Neues vom Wirtschaftskrieg (121): Sanktionen spalten die UNO

Der Wirtschaftskrieg gegen Russland zieht immer weitere Kreise. Infolge der Energiekrise rechnet Wirtschaftsminister Habeck mit wirtschaftlichen Verlusten von 160 Mrd. Euro. Die Türkei will sich auf amerikanischen Druck aus dem russischen Zahlungssystem Mir zurückziehen. Und die westlichen Sanktionen spalten die Uno.

  • Deutschland und die anderen westlichen Mächte nutzen die Generaldebatte der UN-Generalversammlung, um die Staaten des globalen Südens zur Beteiligung an ihren Russland-Sanktionen zu nötigen. Bundeskanzler Olaf Scholz hat in New York ausdrücklich für die Sanktionen und für Waffenlieferungen an die Ukraine geworben. Dies trifft auch auf US-Präsident Joe Biden und Frankreichs Präsident Emmanuel Macron zu. Letzterer warnte mit Blick auf den Ukraine-Krieg vor einer neuen Ära des Kolonialismus. Frankreich hält sich bis heute diverse Kolonien. Mehrere Politiker aus Staaten Afrikas plädierten ihrerseits in New York dafür, auf eine Verhandlungslösung im Ukraine-Krieg hinzuwirken sowie die Sanktionspolitik zu beenden; dies müsse, hieß es, auch für die Zwangsmaßnahmen etwa gegen Zimbabwe, Kuba und weitere Staaten Lateinamerikas gelten. UN-Generalsekretär António Guterres warnt vor neuen Spaltungen zwischen dem Westen und dem globalen Süden.

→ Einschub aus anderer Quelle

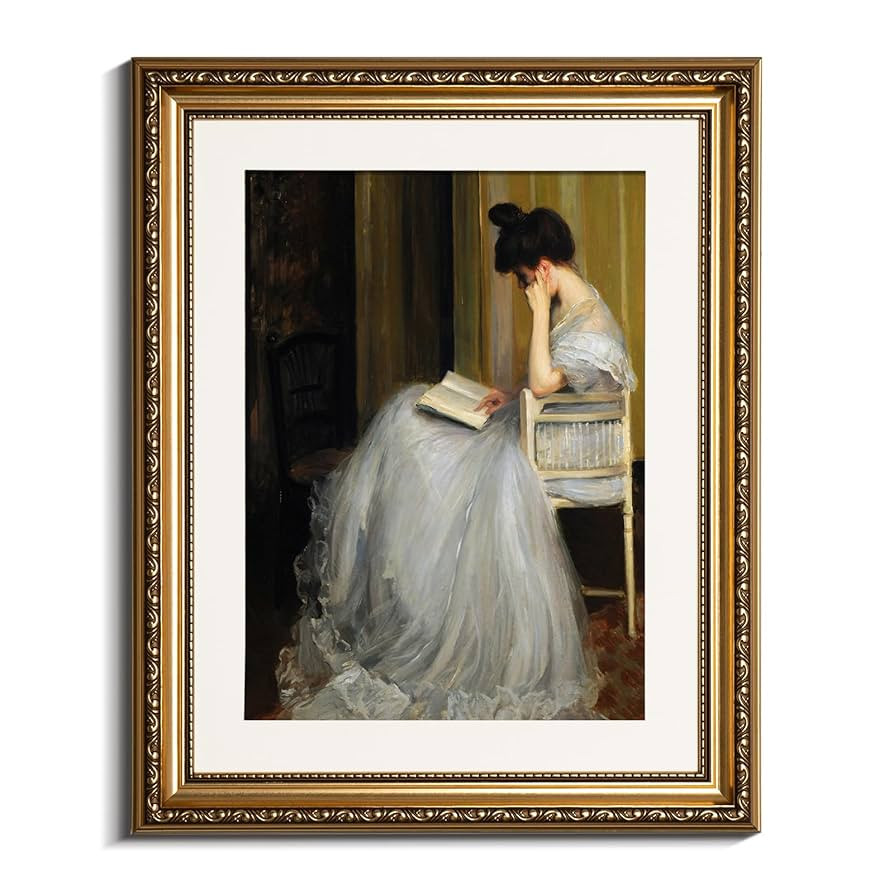 VIYYIEA Gold Framed Wall Art Canvas Print Home Decor for Living Room Women Reading Pictures for B... | Amazon (US)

  • Vor dem Hintergrund möglicher Strafen will die Türkei Alternativen zum russischen Zahlungssystem Mir in Betracht ziehen. „Wir müssen uns jetzt überlegen, was wir tun können (…), welche Alternativen es gibt“, sagt der türkische Präsident Recep Tayyip Erdogan laut der staatlichen Nachrichtenagentur Anadolu auf die Frage, ob die Türkei Sanktionen riskiere. Das US-Finanzministerium hatte kürzlich vor Strafen für die Umgehung von verhängten Finanzsanktionen gegen Russland über das System Mir gewarnt. Bisher hatten fünf staatliche türkische Banken das System genutzt. Vor einigen Tagen setzten nach Medienberichten zwei von ihnen die Nutzung infolge der US-Warnung dann aus. – Auch ohne Sekundär-Sanktionen üben die USA einen gewaltigen Druck aus, wie das Beispiel der Türkei zeigt.

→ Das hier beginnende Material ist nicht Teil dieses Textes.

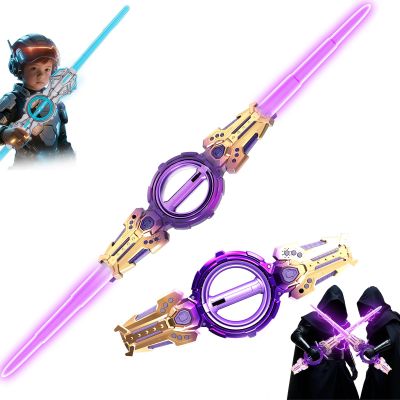 Light Up Sword, Retractable Fire Spin Sword, Double-Edged Lightsaber, 7-Color Expandable Light Toys with FX Sound and Realistic Handle (Purple)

  • Habeck: Energiekrise bringt Verlust von 160 Mrd. Euro. Bundeswirtschaftsminister Robert Habeck (Grüne) rechnet in der aktuellen Energiekrise mit großen Verlusten für die deutsche Wirtschaft. Wegen des Einkaufs von Energie aus anderen Quellen als den bisherigen verliere die deutsche Volkswirtschaft in diesem Jahr knapp 60 Milliarden Euro, sagte Habeck am Donnerstag beim Klimakongress des Bundesverbands der Deutschen Industrie (BDI) in Berlin. Im kommenden Jahr könnten es vor allem durch den Verzicht auf russische Energie knapp 100 Milliarden Euro Verlust werden, hieß es weiter. Das entspräche laut Habeck «über die Jahre gerechnet» zwei Prozent des Bruttoinlandsprodukts.